Slovak Financial Exam

This dataset contains 1,334 multiple-choice questions from the financial domain in the Slovak language. It was created to address the limited availability of language resources for Slovak, providing a benchmark for evaluating language models' capabilities in a specialized, low-resource domain.

The questions are sourced from the official certification exams for financial advisors in Slovakia, covering a range of topics including insurance, capital markets, deposits, loans, and pensions.
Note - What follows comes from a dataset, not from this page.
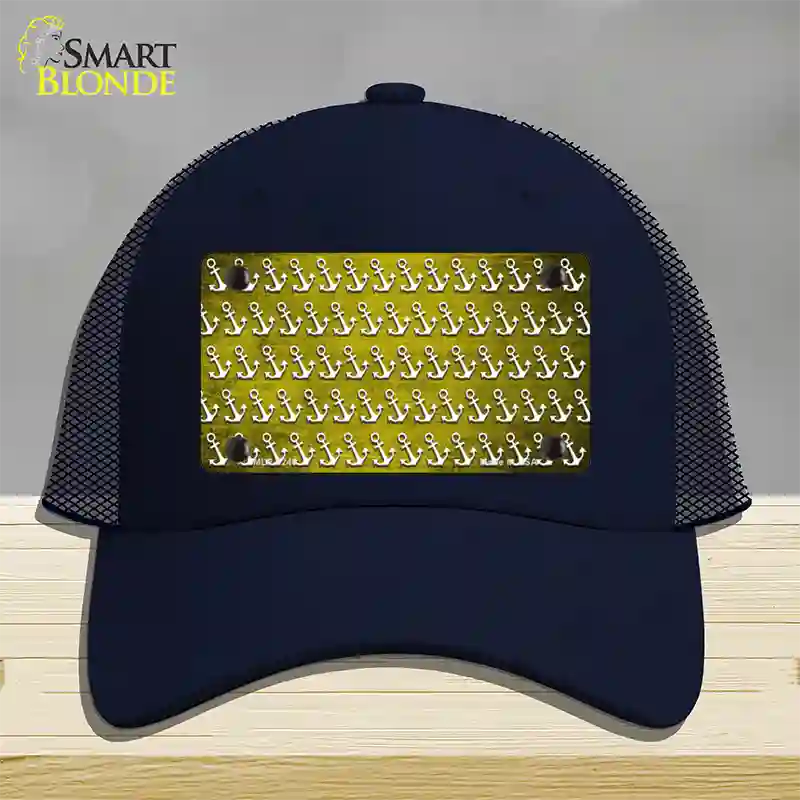 Yellow White Anchor Oil Rubbed Novelty License Plate Hat Mesh / Navy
Each question is presented with five possible answers, only one of which is correct.

Dataset Structure

Data Instances

A typical data instance looks like this:

{
  "id": 1,
  "type": "multiple-choice",
  "prompt": "Blízkou osobou v priamom rade je:",
  "level": "1",
  "area": "General questions",
  "sector": "Všeobecná časť",
  "label": 3,
  "answers": [
    "Bratranec",
    "Otcov brat",
    "Druh-družka",
    "Syn",
    "Neter"
  ]
}

Data Fields

  • id: A 64-bit integer identifying the question.
  • type: The type of question, e.g., 'multiple-choice'.
  • prompt: The question prompt text in Slovak.
  • level: A string representing the difficulty level of the question (e.g., "1", "2", "3").
  • area: The English translation of the category name.
  • sector: The name of the category in Slovak.
  • label: A 64-bit integer representing the 0-based index of the correct answer in the answers list.
  • answers: A list of strings representing the possible answers.

Data Splits

The dataset consists of a single split, test, containing all 1,334 examples. It is intended for evaluation purposes.

Dataset Creation

The dataset was created by parsing publicly available questions from the financial advisor certification exams administered by the National Bank of Slovakia (NBS). The source material was valid until August 5, 2023. The authors extracted the questions, answers, and associated metadata, such as the topic category and difficulty level, to create a structured dataset for NLP model evaluation.

Licensing Information

license: cc-by-nc-sa-4.0